EXERCISE: Any images in the records should be skipped; transcribe the rest exactly.

PROVIDED ENTRIES:
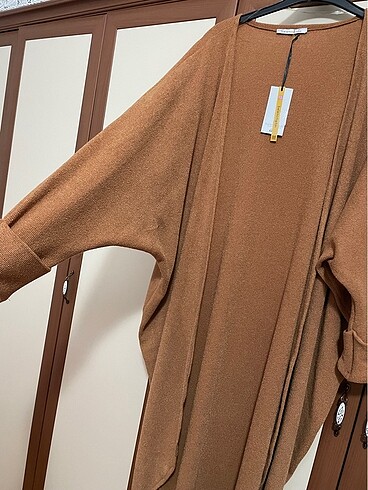 universal Beden camel Renk Yarasa Kol Oversize Triko Hırka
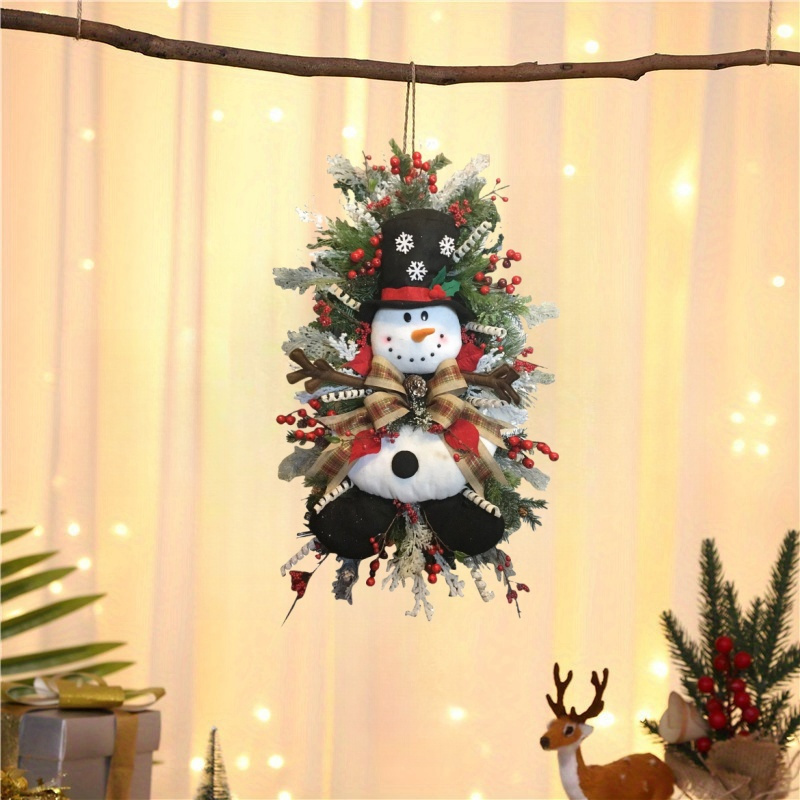 

1pc Christmas Decorations, Christmas Wreath Snowman For , Christmas Wreath For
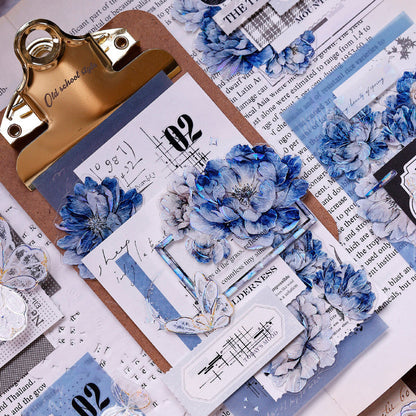 Whole Roll 6cm*6m Dark blue peony flower Die Cutting Washi/PET/Shell Light PET Tape featuring blue, flower, and light designs for journaling, scrapbooking and collage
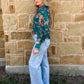 Wagon Wheel Sheer Blouse *Turquoise
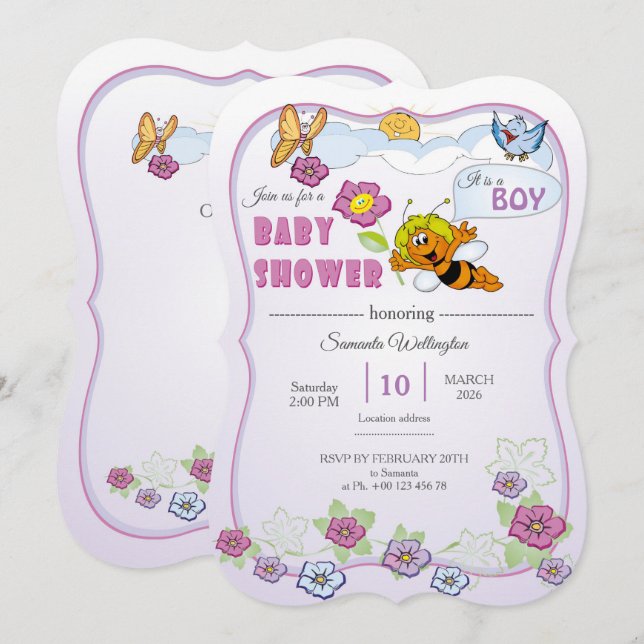 Convites Cute Bee Baby Shower Invitation. It is a boy! (Frente/Verso)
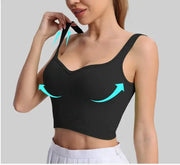 Black seamless yoga tank top with quick-dry fabric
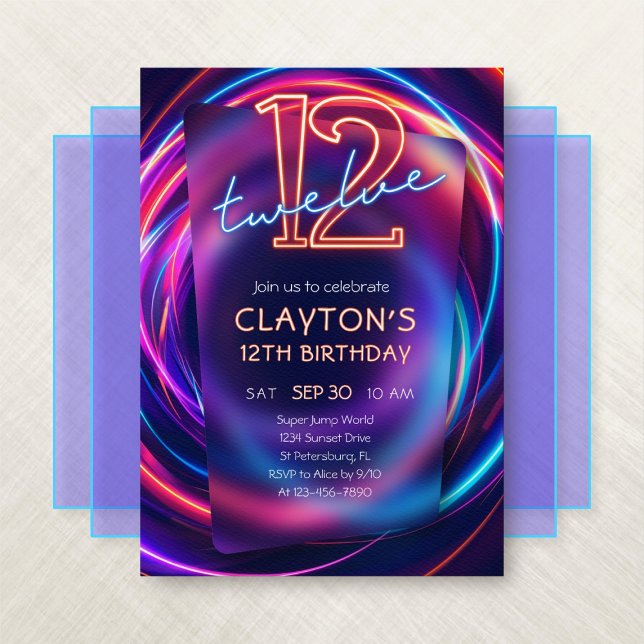 Neon 12e anniversaire Invitation (Créateur téléchargé)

ANSWER TO THE EXERCISE:
 universal Beden camel Renk Yarasa Kol Oversize Triko Hırka

1pc Christmas Decorations, Christmas Wreath Snowman For , Christmas Wreath For
 Whole Roll 6cm*6m Dark blue peony flower Die Cutting Washi/PET/Shell Light PET Tape featuring blue, flower, and light designs for journaling, scrapbooking and collage
 Wagon Wheel Sheer Blouse *Turquoise
 Convites Cute Bee Baby Shower Invitation. It is a boy! (Frente/Verso)
 Black seamless yoga tank top with quick-dry fabric
 Neon 12e anniversaire Invitation (Créateur téléchargé)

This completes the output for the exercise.